In response to:

Pshaw! from the April 2, 1964 issue

To the Editors:

Marvin Mudrick has it that “Shaw continues to elude judicious criticism.” Mainly true, and in Mr. Mudrick’s review Shaw eludes criticism of any sort. To say that Shaw’s plays are to plays of Johnson, Wycherley, Congreve, and Wilde as nothing to something; to offer as almost the only support of the claim a bare catalogue of vices (“the prodigality of gab, the self-assertion, the affectation of strong-mindedness and impudence,” etc.); and then magnanimously to allow petty virtues to three plays, and “salvageable phrases, perhaps speeches” to some unnamed others—this is to adopt the witless intemperance which Mr. Mudrick rightly stigmatizes in the army of Shavians and anti-Shavians. Myself, I don’t like parsnips. But I shan’t ground an article on that whim unless I can muster an argument or two.

Mr. Mudrick has done excellent criticism in the past, and perhaps one can lay his public dyspepsia in the present instance to the surfeit of feeble books by and about Shaw which he was given to ingest. But really, what use are a few more random slashes at Shaw’s reputation? Full though it is of daggers, the corpse exhibits a remarkable vitality. And in any case, slurs like Mr. Mudrick’s are no service to “judicious criticism”; they merely exacerbate the prejudices both of readers who agree and of readers who, like myself, do not.

Richard Ohmann

Wesleyan University

Middletown, Connecticut

Mr Mudrick replies:

In a book he published on Shaw’s style, Mr. Ohmann disclosed “in brief” his startling “position” on “the theory of style”: “The very many decisions that add up to a style are decisions about what to say as well as how to say it…. Style, in this view, far from being intellectually peripheral ornament…” His book goes on, with such assistance as structural linguistics provides for the scientific critic, to classify the devices of Shaw’s style: “Shaw’s distinctive mode of transition is a subtle one, impossible to isolate and measure, but there are some methods he clearly does not favor. He does not, for one, begin many sentences with sequence indicators like ‘but,’ ‘therefore,’ ‘for,’ ‘and,’ and so on: in two chapters of the preface to Saint Joan (pp. 38-41) only tour of twenty-six sentences begin this way. Nor does he use a particularly large number of pronouns to refer to previous sentences—eight in the whole twenty-six sentences (‘it’ five times, ‘such, ‘he’ and ‘that’ once each). This is really surprising considering how much of Shaw’s writing is about people and things (see Chapter IV)…” Of course Mr. Ohmann, up to his ears in obsolete index cards, dismisses what he calls “impressionistic”. criticism.
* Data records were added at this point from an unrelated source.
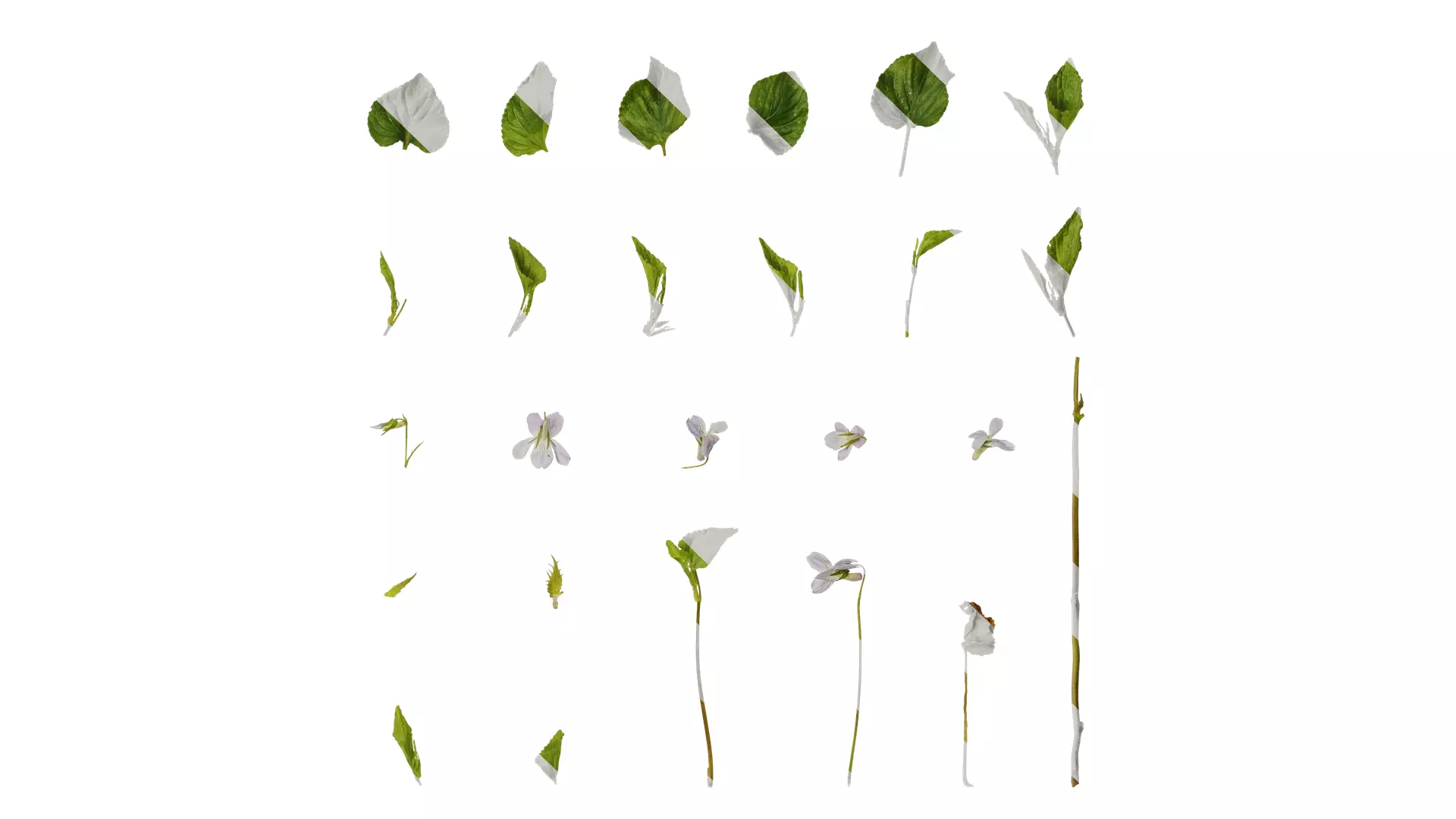 Anydrafts Viola grypoceras Atlas 02 Texture_0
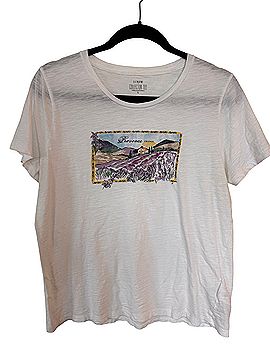 J.Crew Short Sleeve Blouse (view 1)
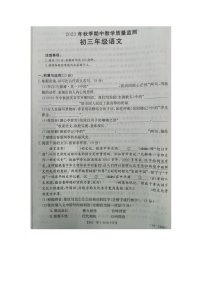福建省泉州市晋江市安海片区2023-2024学年九年级上学期期中联考语文试题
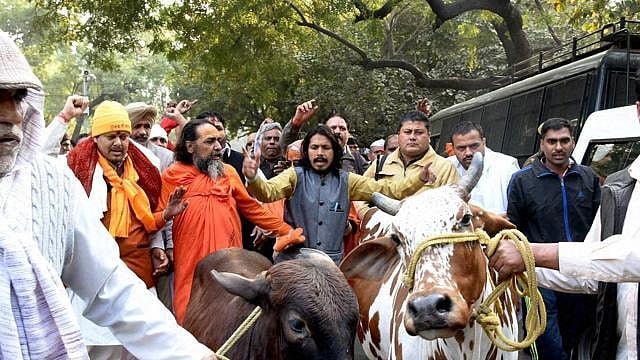 Image used for representational purpose. (Photo: PTI)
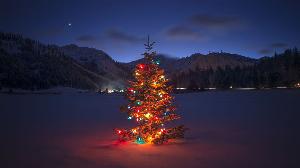 Christmas Wallpaper_59.jpg Christmas Wallpapers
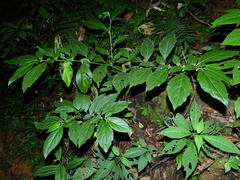 Witheringia solanacea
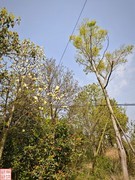 2025.4.4春天的花（1）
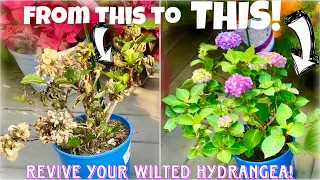 REVIVE a WILTED HYDRANGEA using a garbage bag! with updates 👍🌺🌸🌼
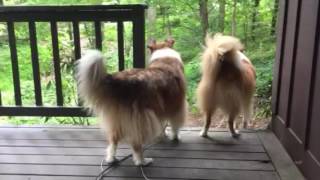 Collies barking at thunder [upl. by Ailuig]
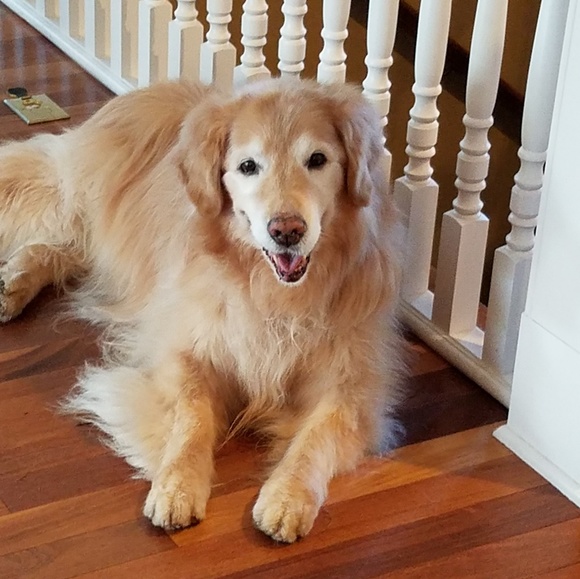 Meet your Posher, Brian - Picture 1 of 1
Stuck with mere impressionism, wary of concordances and computers, I know enough to step aside when the juggernaut of science roars by. I have two more impressions, however. I wonder why Mr. Ohmann, who took a book to tabulate Shaw’s sequence indicators et al, expects a review to do more than suggest, direct, summarize, maybe even provoke. And I wonder why people who write about style almost never have one.

Mr. Kauffmann may rest assured that in the future when I write “it is a fact,” he is to understand that I mean “it is my humble and unworthy opinion.” I hope that he will not himself be caught in the act of expressing strong opinions in his movie column. I have till now believed that when a critic writes, about literary works, “The old joke is a statement of fact: Shaw’s prefaces are better than this plays,” he is rather expressing a strong opinion (impressionistically) than assuming, as Mr. Ohmann does, the possibility of scientific proof in questions of literary judgment. Mr. Kauffmann himself seems to think that he has “proved,” as a “statement of fact,” Tolstoy’s inadequacy as a critic by quoting another of Tolstoy’s judgments that he is certain will raise a general horselaugh (though, by the way, Tolstoy’s views on Shakespeare are not nearly so simple-minded as Mr. Kauffmann thinks, or as Shaw’s happen to be). But Mr. Kauffmann needn’t be told that he’s cheating in this game of quotations. A supporting quotation, like any other critical statement, is just another line of sight on the object. If it comes from a great artistic name, it deserves careful consideration but no special reverence; it stands or falls as it shows up something in the object, not as it can or cannot be countered by evidences of the great name’s fallibility on other issues. I am sorry that Mr. Kauffmann begs the question with the term “major works.” His moth-eaten position, as I understand it, is that one mustn’t snipe at established reputations.

Mr Wellbaum requests information. Marvin Mudrick teaches English at the University of California, Santa Barbara. He has been a regular contributor to Hudson Review for over a decade. In recent months he has enjoyed contributing to The New York Review. He disapproves of swearing. Anyhow, who the hell is Sam Wellbaum?